Only 37 per cent of targeted taxes collected so far: MoS Finance Anurag Thakur

Some Rs 2.81 lakh crore was collected in GST until September 2019, out of a whole year target of Rs 6.66 lakh crore, less than last year’s half-yearly figure of Rs 2.89 lakh crore. 
MoS Finance Anurag Thakur (File | PTI)
MoS Finance Anurag Thakur (File | PTI)

NEW DELHI: The Government on Monday gave figures for its tax collections until September this year in Parliament, which showed that about 37.35 per cent of the targeted total tax revenues for the whole year had been collected in the first half of the financial year.

In reply to a question posed by Trinamool MP and former India football captain Prasun Banerjee, Minister of State for Finance Anurag Singh Thakur gave figures which showed that a mere 35 per cent of the direct tax target for the year had been  collected until September 2019. Out of a target of Rs 1,33,5000 crore, only Rs 46,7369 crore was collected.

Some Rs 2.81 lakh crore was collected in GST until September 2019, out of a whole year target of Rs 6.66 lakh crore, less than last year’s half-yearly figure of Rs 2.89 lakh crore. In answer to a different question, Thakur also gave the GST collection figures until October, or for seven months, which stood at Rs 3,26,490 crore.
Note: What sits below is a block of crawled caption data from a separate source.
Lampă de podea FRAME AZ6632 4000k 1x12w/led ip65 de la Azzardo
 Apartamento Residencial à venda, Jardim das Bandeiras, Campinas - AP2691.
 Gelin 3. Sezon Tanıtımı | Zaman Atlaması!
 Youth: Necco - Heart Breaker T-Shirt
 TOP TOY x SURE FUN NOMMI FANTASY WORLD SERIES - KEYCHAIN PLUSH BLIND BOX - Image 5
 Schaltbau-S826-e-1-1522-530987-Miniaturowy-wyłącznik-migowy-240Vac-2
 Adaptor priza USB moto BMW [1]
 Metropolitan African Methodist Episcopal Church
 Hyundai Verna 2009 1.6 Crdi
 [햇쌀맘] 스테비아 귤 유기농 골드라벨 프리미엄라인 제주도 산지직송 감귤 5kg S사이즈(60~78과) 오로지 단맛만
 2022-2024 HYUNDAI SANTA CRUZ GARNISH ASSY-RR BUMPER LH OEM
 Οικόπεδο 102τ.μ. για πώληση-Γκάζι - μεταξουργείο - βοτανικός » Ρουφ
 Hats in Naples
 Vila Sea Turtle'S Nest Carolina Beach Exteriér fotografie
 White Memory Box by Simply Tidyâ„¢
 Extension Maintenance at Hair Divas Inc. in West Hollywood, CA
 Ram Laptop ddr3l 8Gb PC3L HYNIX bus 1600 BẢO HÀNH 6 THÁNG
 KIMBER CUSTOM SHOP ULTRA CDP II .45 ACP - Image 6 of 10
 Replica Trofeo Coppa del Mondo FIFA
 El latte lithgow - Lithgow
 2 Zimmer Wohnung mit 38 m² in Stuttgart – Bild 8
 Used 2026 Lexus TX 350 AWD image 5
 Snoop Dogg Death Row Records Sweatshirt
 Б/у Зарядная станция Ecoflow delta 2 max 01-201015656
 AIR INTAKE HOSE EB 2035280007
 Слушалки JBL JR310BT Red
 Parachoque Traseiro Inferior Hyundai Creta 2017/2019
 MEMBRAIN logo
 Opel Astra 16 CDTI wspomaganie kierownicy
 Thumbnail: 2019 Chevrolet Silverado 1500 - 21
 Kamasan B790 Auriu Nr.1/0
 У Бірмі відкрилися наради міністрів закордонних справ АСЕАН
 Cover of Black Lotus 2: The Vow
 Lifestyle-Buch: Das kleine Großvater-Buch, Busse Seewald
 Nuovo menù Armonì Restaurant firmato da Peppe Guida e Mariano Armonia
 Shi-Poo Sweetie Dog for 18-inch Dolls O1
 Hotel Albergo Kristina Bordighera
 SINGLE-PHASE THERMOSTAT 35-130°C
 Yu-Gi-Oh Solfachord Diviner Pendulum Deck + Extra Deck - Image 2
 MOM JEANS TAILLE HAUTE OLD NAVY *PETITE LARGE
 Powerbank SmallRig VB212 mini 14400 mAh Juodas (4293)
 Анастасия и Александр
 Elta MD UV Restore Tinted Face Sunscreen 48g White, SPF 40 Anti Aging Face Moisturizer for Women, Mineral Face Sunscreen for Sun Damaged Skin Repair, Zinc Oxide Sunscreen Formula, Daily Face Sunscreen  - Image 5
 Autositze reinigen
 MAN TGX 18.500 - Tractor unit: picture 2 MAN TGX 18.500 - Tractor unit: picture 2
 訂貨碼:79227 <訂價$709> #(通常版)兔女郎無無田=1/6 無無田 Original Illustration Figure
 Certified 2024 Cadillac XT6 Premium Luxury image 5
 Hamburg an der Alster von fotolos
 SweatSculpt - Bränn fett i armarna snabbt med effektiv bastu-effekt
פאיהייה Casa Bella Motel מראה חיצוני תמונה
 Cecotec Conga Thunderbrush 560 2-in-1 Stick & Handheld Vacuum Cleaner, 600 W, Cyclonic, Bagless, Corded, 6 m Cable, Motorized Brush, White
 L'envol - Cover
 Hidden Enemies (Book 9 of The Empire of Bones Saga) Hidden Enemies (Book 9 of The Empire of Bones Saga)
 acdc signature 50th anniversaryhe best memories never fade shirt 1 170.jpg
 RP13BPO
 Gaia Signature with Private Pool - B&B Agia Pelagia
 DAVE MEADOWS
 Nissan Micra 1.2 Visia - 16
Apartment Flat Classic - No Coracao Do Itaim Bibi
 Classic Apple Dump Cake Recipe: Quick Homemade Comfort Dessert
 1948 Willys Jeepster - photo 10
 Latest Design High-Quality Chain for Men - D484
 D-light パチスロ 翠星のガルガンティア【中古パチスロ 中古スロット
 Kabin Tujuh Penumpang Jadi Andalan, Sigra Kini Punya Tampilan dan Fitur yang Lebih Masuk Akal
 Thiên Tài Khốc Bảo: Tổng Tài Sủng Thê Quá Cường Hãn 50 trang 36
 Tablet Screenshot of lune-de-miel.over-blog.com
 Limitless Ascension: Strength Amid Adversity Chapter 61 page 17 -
Sumit Dutt Majumder, former chairman, Central Board for Excise and Customs, said, “It means we are quite short of the required run rate, to use a cricket analogy. By September we should have collected about Rs 3.33 lakh crore. It will be difficult to bridge this gap given the slowdown in the economy.”

India’s economy, which has been experiencing a slowdown in demand, is expected to grow at below 5 per cent in the second quarter of the year, after posting a low growth of 5 per cent in the first quarter. Factory production contracted successively for the months of August and September.

To Banerjee’s specific question of “whether the government has assessed the effect of the slowdown on tax collection and fiscal deficit”, Thakur said an “exercise for preparation of revised estimates for 2019-20 is underway. At this stage, it may be premature to assess the Revised Estimate against the Budget Estimate with respect to taxes.”

Experts say that the half-yearly tax collection figures indicate that the fiscal deficit is likely to go awry. 
In a note, Aditi Nayar, Principal Economist, ICRA, said, "Fiscal deficit of the Government of India rose by 9.6 per cent to Rs 6.5 trillion in the first half of 2019-20 from Rs 5.9 trillion in the first half of last year."